Que amor tan grande el que nos
ha manifestado Dios al instituir los Sacramentos. Un alma caída en pecado,
habiendo perdido todo su esplendor y belleza es tomada en las manos de Dios con
la más filial ternura, Él estaría dispuesto a morir nuevamente para que esa
alma se salve, para que recupere su belleza y su esplendor, para que vuelva a
ser imagen y semejanza de Él mismo. Este es justamente el sentido de la
confesión.
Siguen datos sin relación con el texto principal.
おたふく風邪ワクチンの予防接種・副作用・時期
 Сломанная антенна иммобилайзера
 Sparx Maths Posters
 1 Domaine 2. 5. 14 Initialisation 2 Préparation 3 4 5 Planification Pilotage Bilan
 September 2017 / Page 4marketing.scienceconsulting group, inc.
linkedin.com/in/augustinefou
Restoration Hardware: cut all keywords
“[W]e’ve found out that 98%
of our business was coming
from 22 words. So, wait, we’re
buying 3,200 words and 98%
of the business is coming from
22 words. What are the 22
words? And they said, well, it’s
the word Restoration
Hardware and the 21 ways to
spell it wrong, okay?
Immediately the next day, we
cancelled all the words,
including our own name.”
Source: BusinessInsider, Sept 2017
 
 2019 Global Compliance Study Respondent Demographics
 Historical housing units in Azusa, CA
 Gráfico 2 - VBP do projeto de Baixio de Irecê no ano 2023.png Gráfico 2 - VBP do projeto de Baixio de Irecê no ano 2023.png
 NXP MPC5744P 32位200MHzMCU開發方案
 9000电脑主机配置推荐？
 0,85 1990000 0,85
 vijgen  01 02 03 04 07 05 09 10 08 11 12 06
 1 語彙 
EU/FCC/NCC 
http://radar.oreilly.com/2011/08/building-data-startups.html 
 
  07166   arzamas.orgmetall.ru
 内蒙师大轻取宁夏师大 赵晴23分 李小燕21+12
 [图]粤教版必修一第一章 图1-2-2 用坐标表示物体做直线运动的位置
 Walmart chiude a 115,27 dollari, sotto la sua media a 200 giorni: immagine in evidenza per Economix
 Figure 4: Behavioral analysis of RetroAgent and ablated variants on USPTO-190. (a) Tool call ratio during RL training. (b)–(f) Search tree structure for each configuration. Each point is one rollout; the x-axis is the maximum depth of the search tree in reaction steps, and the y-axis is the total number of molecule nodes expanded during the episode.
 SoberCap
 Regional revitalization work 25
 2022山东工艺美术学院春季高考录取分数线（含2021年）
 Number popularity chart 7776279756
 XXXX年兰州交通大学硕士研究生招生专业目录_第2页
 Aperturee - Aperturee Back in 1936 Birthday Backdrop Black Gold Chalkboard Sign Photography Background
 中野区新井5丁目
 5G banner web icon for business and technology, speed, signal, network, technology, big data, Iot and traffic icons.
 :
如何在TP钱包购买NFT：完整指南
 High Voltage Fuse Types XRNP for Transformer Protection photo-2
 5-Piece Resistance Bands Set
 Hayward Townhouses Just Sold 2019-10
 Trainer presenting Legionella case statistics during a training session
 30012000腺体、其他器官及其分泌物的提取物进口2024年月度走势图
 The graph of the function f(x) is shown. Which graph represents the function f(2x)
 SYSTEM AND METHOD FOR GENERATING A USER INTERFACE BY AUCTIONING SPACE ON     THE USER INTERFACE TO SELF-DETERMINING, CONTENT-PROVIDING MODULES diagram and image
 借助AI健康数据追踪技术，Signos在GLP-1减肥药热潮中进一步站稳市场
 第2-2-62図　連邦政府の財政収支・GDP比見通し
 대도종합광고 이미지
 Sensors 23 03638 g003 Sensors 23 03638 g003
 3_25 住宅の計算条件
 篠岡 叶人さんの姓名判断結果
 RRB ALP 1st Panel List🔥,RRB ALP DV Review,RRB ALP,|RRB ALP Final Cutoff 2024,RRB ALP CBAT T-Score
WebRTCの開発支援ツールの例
Que hermosa resulta un alma arrepentida ante los ojos de Dios, quien
en su infinita bondad está dispuesto a perdonar esa alma para volver a
deleitarse con su belleza al estar en Su Gracia.
El sentido de nuestra vida
radica en buscar hacer la Voluntad de Dios, cuanto no se alegraría nuestra alma
si pudiese agradar a su Creador. Nuestra alma, al estar en Gracia, resulta ser
un verdadero deleite para Dios, si lográsemos conservar nuestra alma impecable,
si a la vista de cada pequeño detalle que pudiese llegar a dañarla nos
apartáramos atemorizados de dañarla, de opacarla o de quitarle así sea en la
más mínima medida su belleza. Si de ser el caso llegásemos a pecar, y nuestra
alma herida y frágil perdiese el estado de Gracia, ¿con cuanta diligencia no
buscaríamos cuanto antes a un confesor que nos permita pedirle perdón a Nuestro
Señor y recuperar una vez más la magnificencia de nuestra alma?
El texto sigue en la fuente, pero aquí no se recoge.